Our forest industry remains B.C.’s single largest exporter, generating thousands of jobs throughout the province. Yet it continues to face tough challenges, from beetle infestations, to trade battles, to the worst wildfire season on record. Your government believes in the future of forestry, and wants to see a strong and sustainable industry for years to come.

B.C. will continue to fight for a fair deal on softwood lumber, and seek new markets for our forest products. And government will revitalize the forest industry’s social contract with British Columbians, to ensure that the use of public timber generates good jobs in forest-dependent communities and provid fair retes aurn for the public."

- The Honourable Judith Guichon, OBC, Lieutenant-Governor: February 13, 2018 Speech from the Throne

The B.C. NDP’s latest speech from the throne and budget painted rural communities and resource development in few broad strokes, but Premier John Horgan followed it up by noting one important change coming to forestry rules in the province.

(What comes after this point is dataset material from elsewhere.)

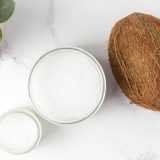 Making use of coconut oil to remove hair color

Horgan says his government plans to restore appurtenancy rules that tie timber harvests to processing at local mills. The rules were eliminated by the B.C. Liberals in the early 2000s and devastated economies in forestry dependent communities in rural B.C., including Fort Nelson, as mills shut down and processing went elsewhere deemed more profitable. Restoring the rules is part of a move to “revitalize the forest industry’s social contract with British Columbians," the government noted in its throne speech.